From the prism of partisanship, however, the proposed tripartite structure does not make the system any less partisan; on the contrary, it may render the problem more pronounced as it may all the more emphasize the patronage element.

The system “brands” the appointee and identifies him with the appointing sector, thereby exacerbating the negative aspects of the Filipino utang na loob. This insidious influencing factor cannot be beneficial to the court which should be neutral and bias-free in its decision making.

To my mind, one measure to minimize these effects is to subject the Supreme Court nominees to the most rigid examination of their private and professional lives from the constitutional standards of competence, integrity, probity, and independence. Thereby, the system impresses upon the appointee that he became a court magistrate based on his own merits, not through any “favor” extended to him by the appointing authority.

The draft proposes to give the vetting task to the Judicial Appointments and Disciplinary Council composed of 11 ex-officio and 4 regular members who must personally vote for their chosen nominees. This composition, while large, aptly distributes the areas of expertise in examining the nominees’ private and professional lives.

The vetting system, however, still leaves a significant room for failure under the Constitution’s 90-day limit for filling up a Supreme Court vacancy.

As we are seeing today, there was initially no taker for the position of chief justice more than a month after this position was declared vacant. With the fixed 90-day time limit, this means that, as of today, the council’s time to examine the nominees (who must still accept the nomination to be considered a contender) is already less than 60 days.

Assuming a 30-day time limit for the filing of applications or the acceptance of nominations, the enormity of the council’s task and the insufficiency of time can be fully appreciated once the scope of the examination and the applicable standards are considered.

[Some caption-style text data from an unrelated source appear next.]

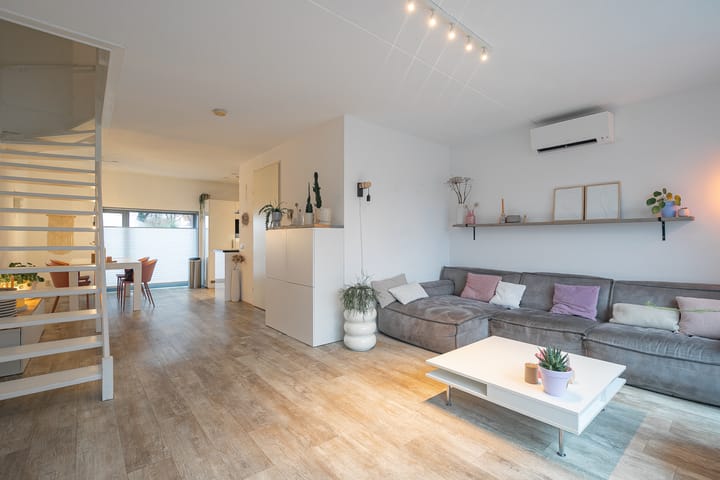 Photo 2 of Limburgiaplantsoen 31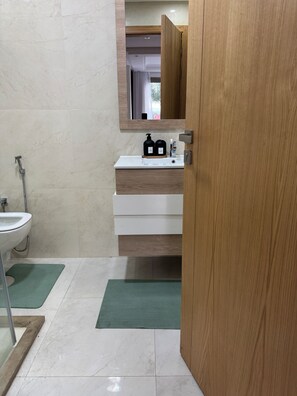 Handtücher, Seife, Toilettenpapier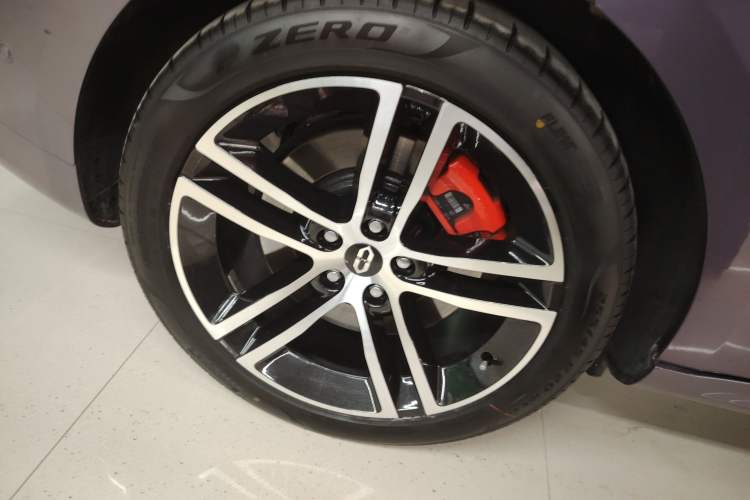 Used Hima AITO M5 2025 Extended-Range Ultra All-Wheel-Drive Version Right Rear Wheel Hub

Consider that the nominee must be a lawyer who has been in law practice or in government service for at least 15 years. While competence and legal expertise may not be very difficult to establish, the other traits, particularly integrity and probity, are not as easy to explore.

Since the nominee will “dispense justice,” the traits of integrity and probity should particularly consider the nominee’s fairness in all his dealings. This should include the fairness and ethical conduct (not only the legality) the nominee exhibited in all his professional actions, most especially in his past judicial decisions.

The Statement of Assets, Liabilities, and Networth (SALN), including the Income Tax Returns and the bank accounts of the nominees, are critical documents for examination to test for probity. These are telling records that should be open to the council and to the public, and should not be shielded from scrutiny by length of time nor by any legislation.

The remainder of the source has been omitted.